Hi All,
I just thought I would throw some possibly useful information into the record. It might help future members as well as answer some of the questions that have been asked recently in this thread (and others).
When I first got my mechanical valve, it took me a long time to get my INR in range, and it took a larger than typical dose of warfarin to do it.
I was curious to see what the typical warfarin maintenance dose actually was, and where my dose (12.5/day) fell in the distribution. The only paper I could find at the time that had this information was this one:
http://www.futuremedicine.com/doi/ab...7410541.4.1.11
" Individualizing warfarin therapy"
by Kristen K Reynolds, Roland Valdes Jr, Bronwyn R Hartung & Mark W Linder
At the time, I was able to download a free PDF copy of the full paper, but it now appears to be behind a payment firewall.
Figure 2 of this paper (shown below) gives the weekly dose distributions from the authors' study of maintenance dose within their sample population.
Figure is at:
https://drive.google.com/file/d/0B_A...Qjg/view?pli=1 in case it doesn't embed properly in this post.
(Sorry, please use above link to view the figure. I get a "not authorized" error when trying to embed the image)
As you can see, the typical ACT patient seems to average about 5 mg/day which is 35 mg/week.
At 12.5 mg/day (87.5 mg/week) I am off the scale on this chart. So, my own particular maintenance is clearly a 3-sigma case on the high side of daily dose. Nevertheless, this is not any cause for concern. It takes what it takes, and the important measurement is not how much warfarin you take, but rather your INR as a result. At 12.5 mg/day I'm far from setting any records, but clearly anything over 10mg/day would be considered a high dose per this chart.
The paper does make a few interesting points that are a bit technical, but important to note.
1. Our individual response to warfarin is determined primarily by genetics, more so than by age, body weight/size or exercise/activity, although those are also contributing factors.
2. The mechanism that comes into play when you are first adapting to the warfarin and building to a stable blood concentration is controlled by a different genetic factor than the one driving the short-term vitamin-k antagonism process.
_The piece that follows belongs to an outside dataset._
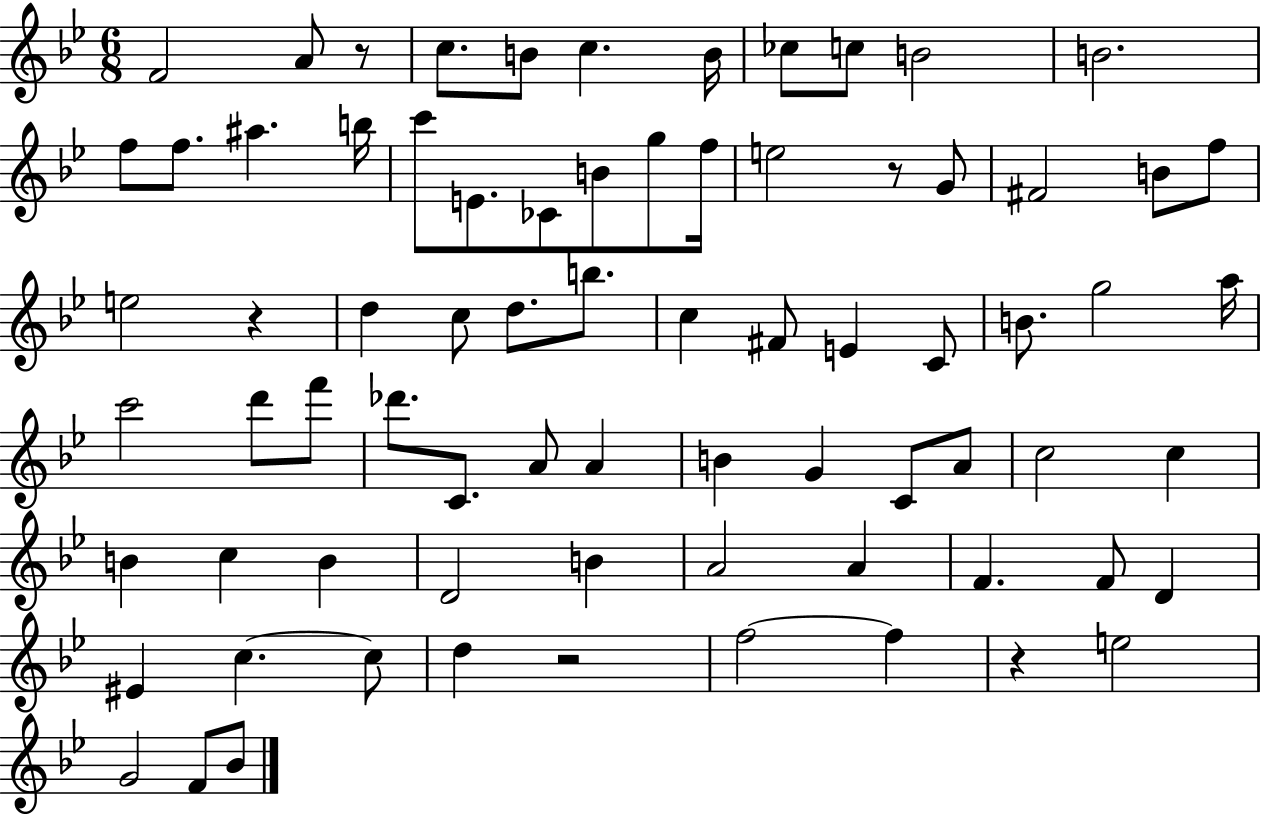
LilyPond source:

This explains why it can take some people many days, or even weeks to climb to their final stable warfarin range, while others achieve stability after only a few days. FYI, it took me about three weeks to get into range taking my maintenance dose of warfarin after I had to bridge from some surgery. It also took several weeks to get into range initially.
The short-term INR response to missing a dose (or 2) can be very quick, and much different from the longer term stabilization time - depending on your particular genetic makeup. In my search for a simple dose-to-INR model, I was unable to find a simple 3rd order equation that matched my own short-term INR response to missing a dose (or 2) and subsequent recovery by taking my normal dose (or more).
I concluded that the mechanisms involved are more complex than a simple curve-fitting model can accurately predict.
I did, however, stumble upon this article:
http://www.biomedcentral.com/1472-6947/15/7
"A Bayesian decision support tool for efficient
dose individualization of warfarin in adults and
children"
with available Java application for download that implements the set of differential equations described in the paper.
I plan to give that model a try and see if I can find coefficients that will allow me to more accurately match my own particular metabolism's response and model/predict the optimal recovery from any future faux-pas in my ACT.